RAY MCMANUS is the author of three books of poetry: Punch. (published by Hub City Press and winner of the 2015 IPPY for best book of poetry by an independent publisher), Red Dirt Jesus (winner of the Marick Press Poetry Prize), and Driving through the Country before You Are Born (published by USC Press and winner of the South Carolina Poetry Book Award). McManus is the coeditor of Found Anew, an anthology published jointly by Pat Conroy's Story River Books imprint and Nikky Finney's Palmetto Poetry Series. McManus is an associate professor of English at the University of South Carolina Sumter, where he directs the South Carolina Center for Oral Narrative and works closely with K-12 educators on teaching creative writing using standard curriculum.
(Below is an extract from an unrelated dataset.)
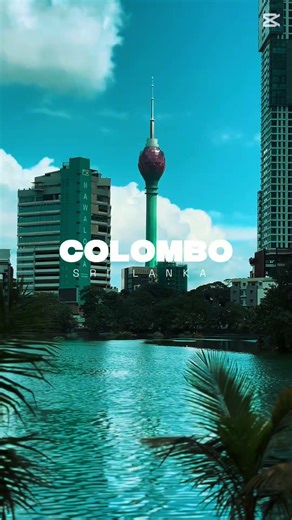 Colombo in Seconds | Shot on iPhone 15 : Cinematic Video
CARRIE MULLINS is a fiction writer whose work has been published in Chicago Quarterly Review, Appalachian Heritage, Kudzu, and the online literary journal Still. Her short story “Cell-Life” appears in Appalachia Now: Short Stories of Contemporary Appalachia. Mullins grew up in Mt. Vernon, Kentucky, where she still lives. Night Garden is her first novel.




ELENA PASSARELLO is the author of two essay collections, Let Me Clear My Throat and Animals Strike Curious Poses, bothpublished by Sarabande Books. Her essays on performance, pop culture, and the natural world have recently appeared in Virginia Quarterly Review, Oxford American, Iowa Review, Slate, and the anthologies After Montaigne and Cat Is Art Spelled Wrong. A winner of the 2015 Whiting Award, Passarello teaches in the MFA program at Oregon State University. 


JAMIE QUATRO’s debut collection, I Want To Show You More, is a New York Times Notable Book, NPR Best Book of 2013, Indie Next pick, O, The Oprah Magazine Summer Reading pick, and New York Times Editors’ Choice. Longlisted for the Frank O’Connor International Short Story Award, the collection was named a Top 10 Book of 2013 by Dwight Garner in the New York Times and a Favorite Book of 2013 by James Wood in The New Yorker. The collection was a finalist for the Los Angeles Times Art Seidenbaum Award for First Fiction, the Georgia Townsend Fiction Prize, and the National Book Critics Circle John Leonard Prize. A second collection and novel are forthcoming from Grove Atlantic.


PAT RIVIERE-SEEL is poet, a runner, a woman who has lived long enough to have “past” and “former” prefixes for more jobs and volunteer positions than she can name without looking at a resume. She is a co-editor of the anthology Kakalak and the author of two prize-winning poetry chapbooks: No Turning Back Now and The Serial Killer’s Daughter, winner of the Roanoke-Chowan Award. Her most recent poetry collection, Nothing Below but Air, was a semifinalist for the Thomas Wolfe Memorial Literary Award. The Serial Killer’s Daughter has been turned into a one act play and performed by Shared Radiance Theatre. Pat has taught in UNC Asheville’s Great Smokies Writing Program, and in 2012 she held a unique position as poet-in-residence at the NC Zoo.  Before earning her MFA from Queens University of Charlotte, she worked as a newspaper journalist, publicist, and lobbyist. She lives in Asheville, NC.


SUE WEAVER-DUNLAP was born and raised in Knoxville, Tennessee, and now lives deep in the Southern Appalachian Mountains near Walland, Tennessee, where she and her husband live on and work a mountain cattle farm. Here, among the turkeys, deer, pets, and Angus cattle, she writes poetry, fiction, and memoir. Dunlap holds an undergraduate degree from the University of Tennessee and advanced degrees from Lincoln Memorial University. She recently retired from teaching high school English. Her poems and prose have appeared in Appalachian Journal, Anthology of Appalachian Writers, Appalachian Heritage, Still: The Journal, and Southern Poetry Anthology, among other anthologies and journals. Dunlap’s new collection of poetry is entitled Knead. Her chapbook The Story Tender was released by Finishing Line Press in 2014.


PAUL WORLEY is a poet and the author of Telling and Being Told: Storytelling and Cultural Control in Contemporary Mexican andYukatek Maya Literatures. He is a professor of English at Western Carolina University with research interests in contemporary Latin American literatures and cultures, indigenous rights movements in Latin America, Postcolonial Theory, Subaltern Studies, and Digital Humanities.